REQUIRED WORK: Will you transcribe all the entries word for word, skipping the pictures they hold?

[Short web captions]
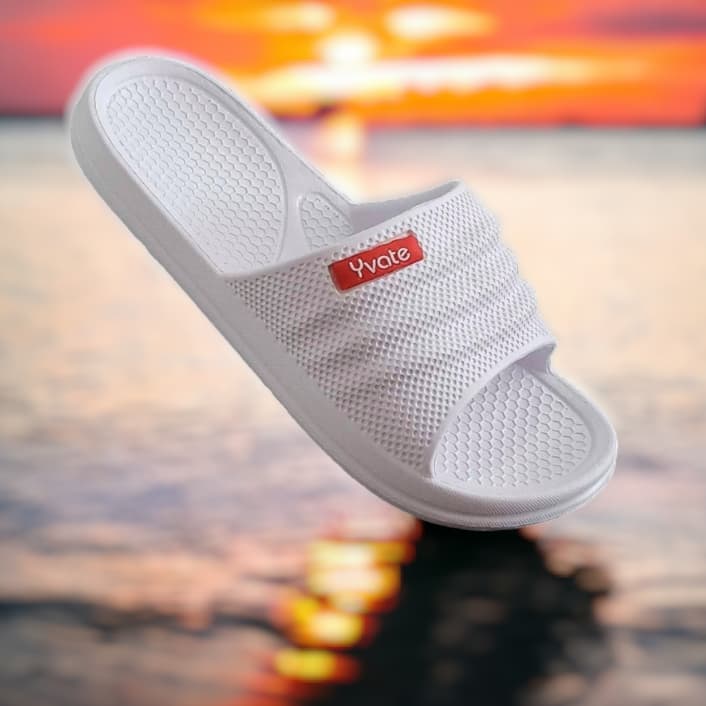 Chinelo Nuvem Slide Massageador Yvate Branco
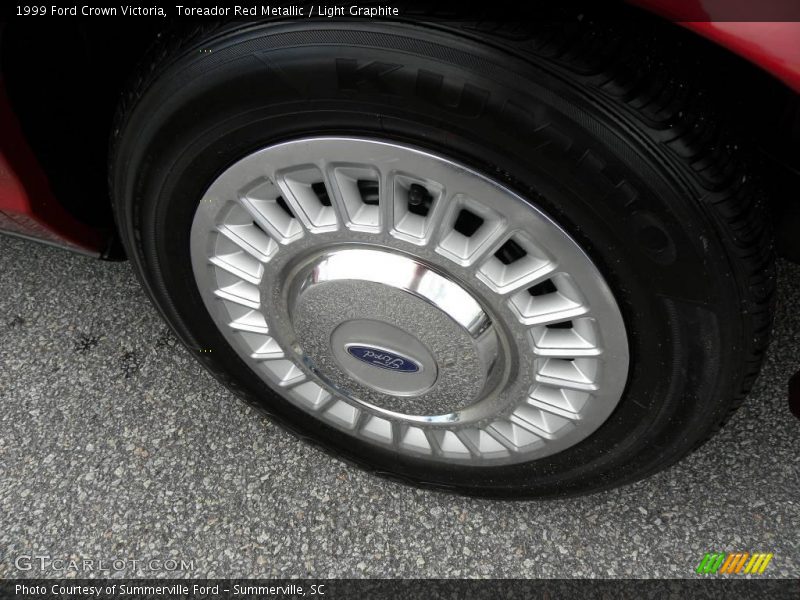 Toreador Red Metallic / Light Graphite 1999 Ford Crown Victoria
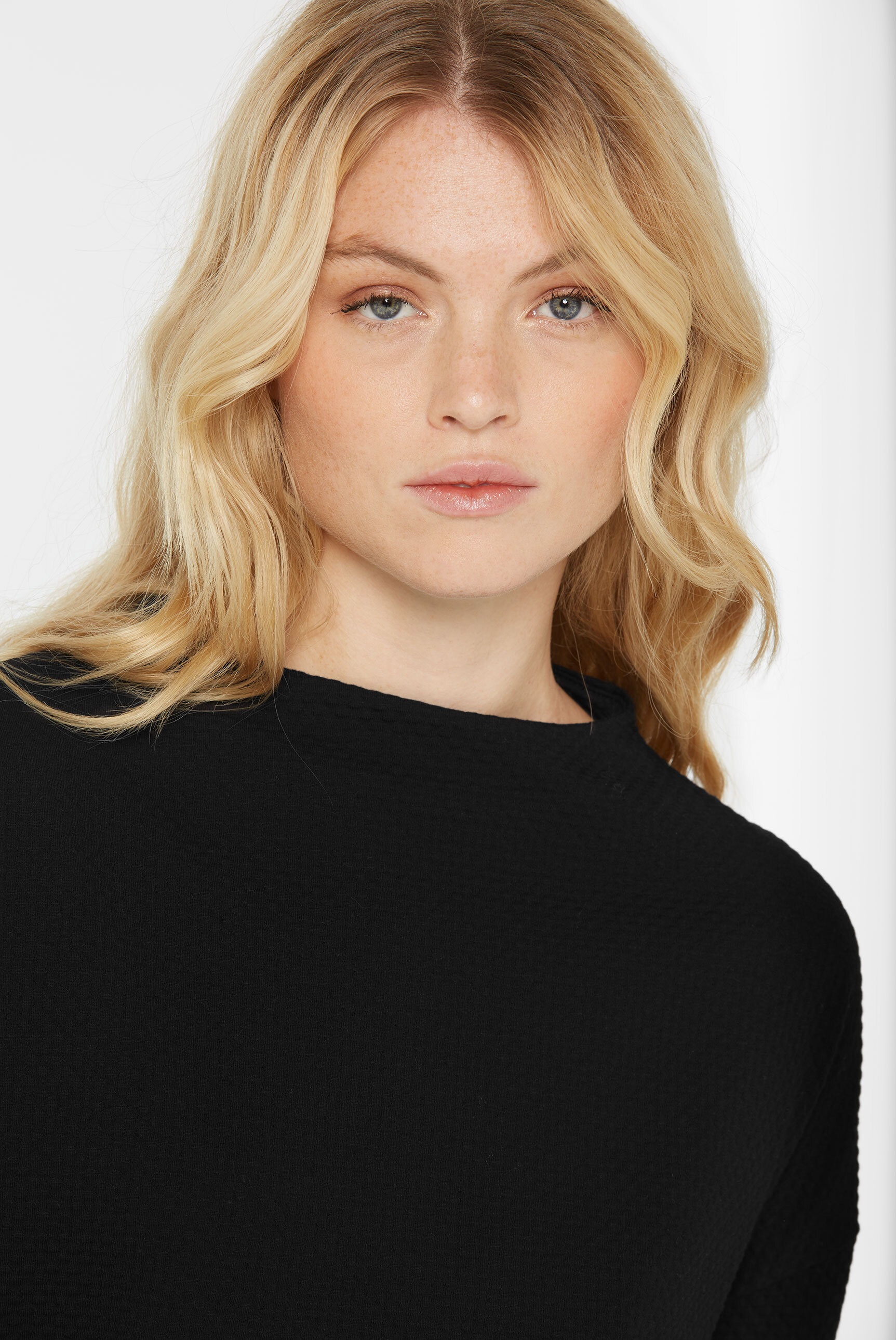 SENSES.THE LABEL Rundhalsshirt mit Baumwolle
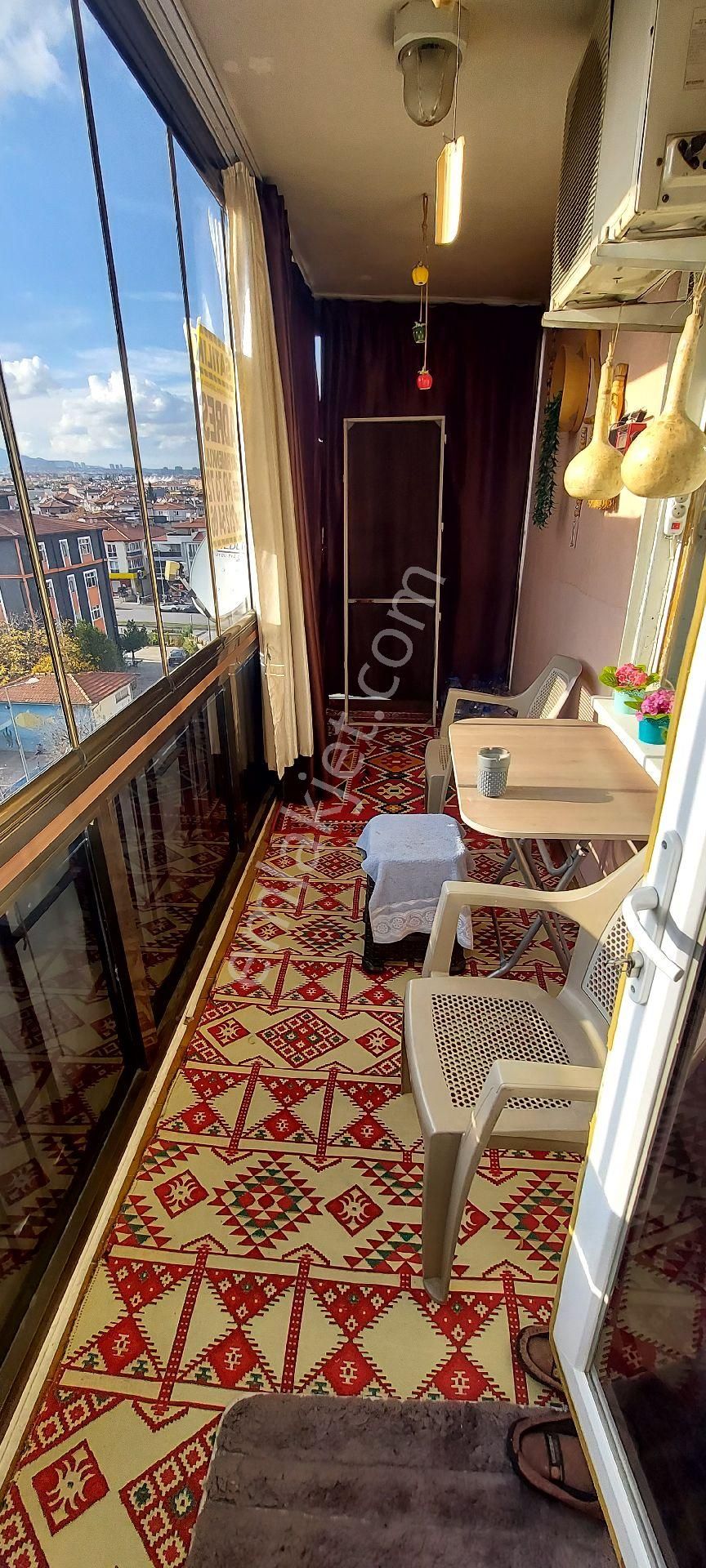 Devrim Cadde Üstü Asansörlü Manzaralı 6.kat Arakat 3+1 İçi Yapılı - Görsel 4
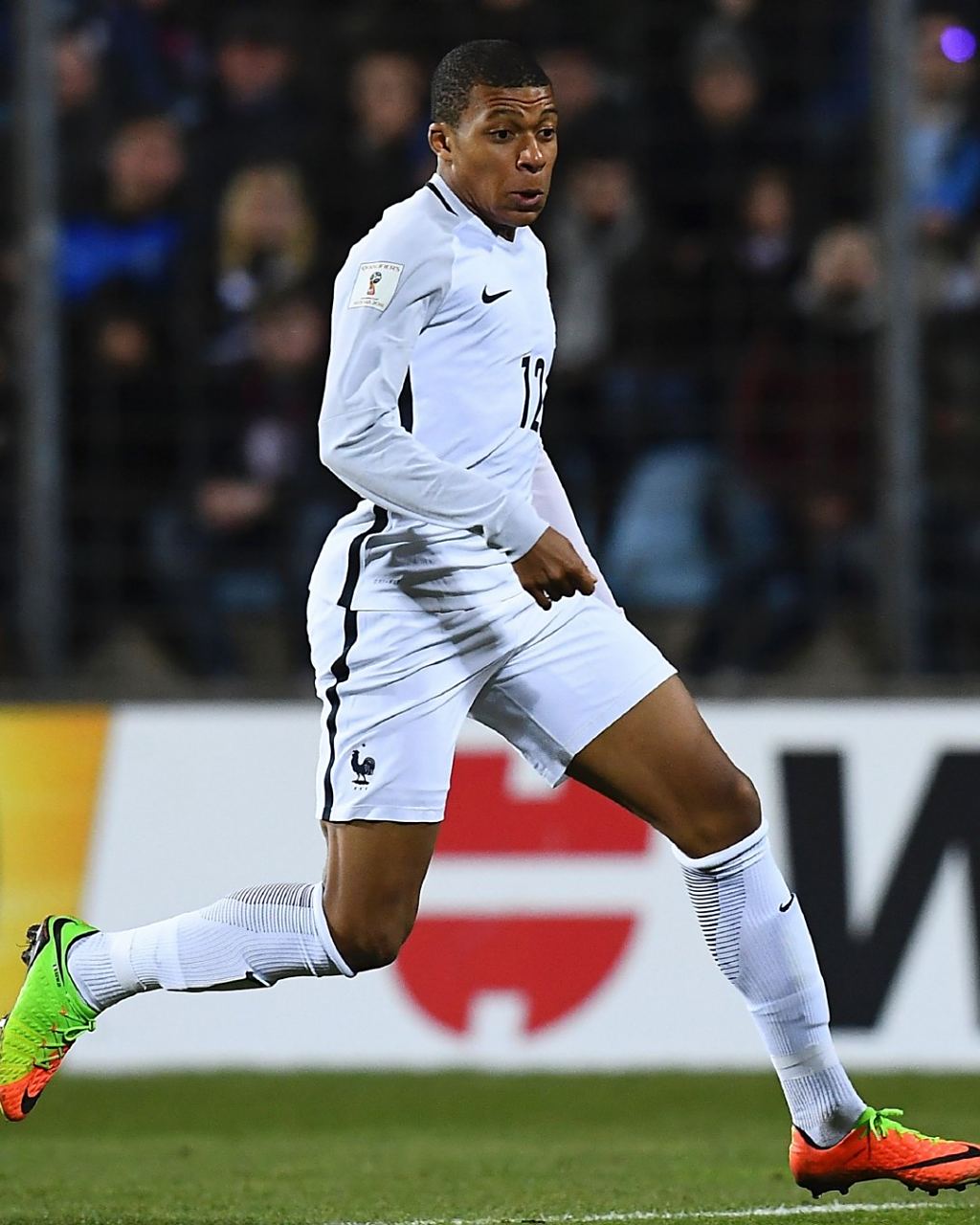 美因茨2-1逆转佛罗伦萨，李在城补时绝杀，霍勒巴赫破门（李在城补时绝杀，霍勒巴赫建功，美因茨2-1逆转佛罗伦萨）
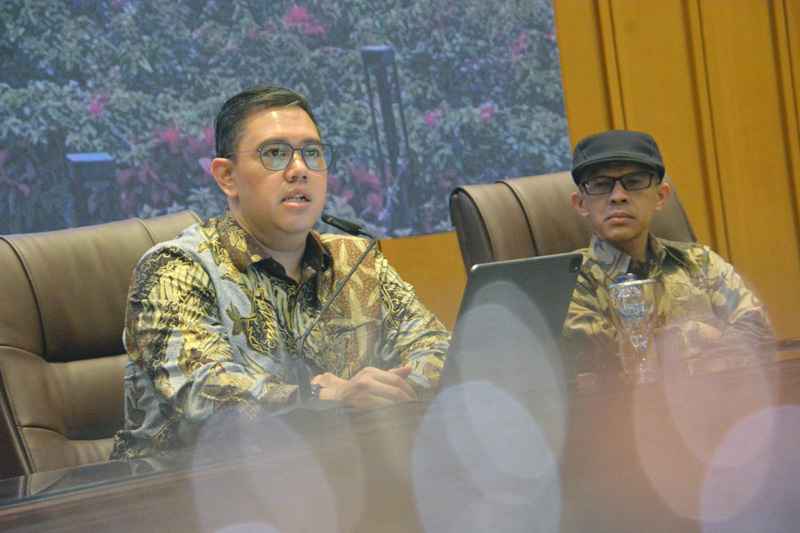 Dialektika Demokrasi "Memperkuat Kedaulatan Bangsa di Era Dinamika Persaingan Global" Dialektika Demokrasi "Memperkuat Kedaulatan Bangsa di Era Dinamika Persaingan Global"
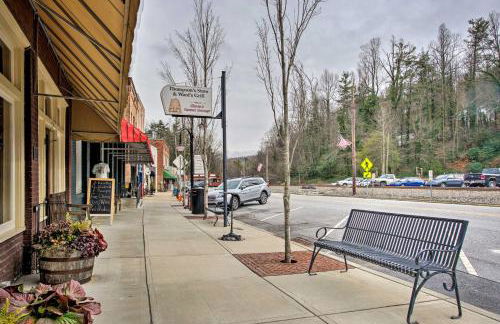 Walk to Dining Saluda Main Street Retreat! - Foto 24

ANSWER TO THE EXERCISE:
 Chinelo Nuvem Slide Massageador Yvate Branco
 Toreador Red Metallic / Light Graphite 1999 Ford Crown Victoria
 SENSES.THE LABEL Rundhalsshirt mit Baumwolle
 Devrim Cadde Üstü Asansörlü Manzaralı 6.kat Arakat 3+1 İçi Yapılı - Görsel 4
 美因茨2-1逆转佛罗伦萨，李在城补时绝杀，霍勒巴赫破门（李在城补时绝杀，霍勒巴赫建功，美因茨2-1逆转佛罗伦萨）
 Dialektika Demokrasi "Memperkuat Kedaulatan Bangsa di Era Dinamika Persaingan Global" Dialektika Demokrasi "Memperkuat Kedaulatan Bangsa di Era Dinamika Persaingan Global"
 Walk to Dining Saluda Main Street Retreat! - Foto 24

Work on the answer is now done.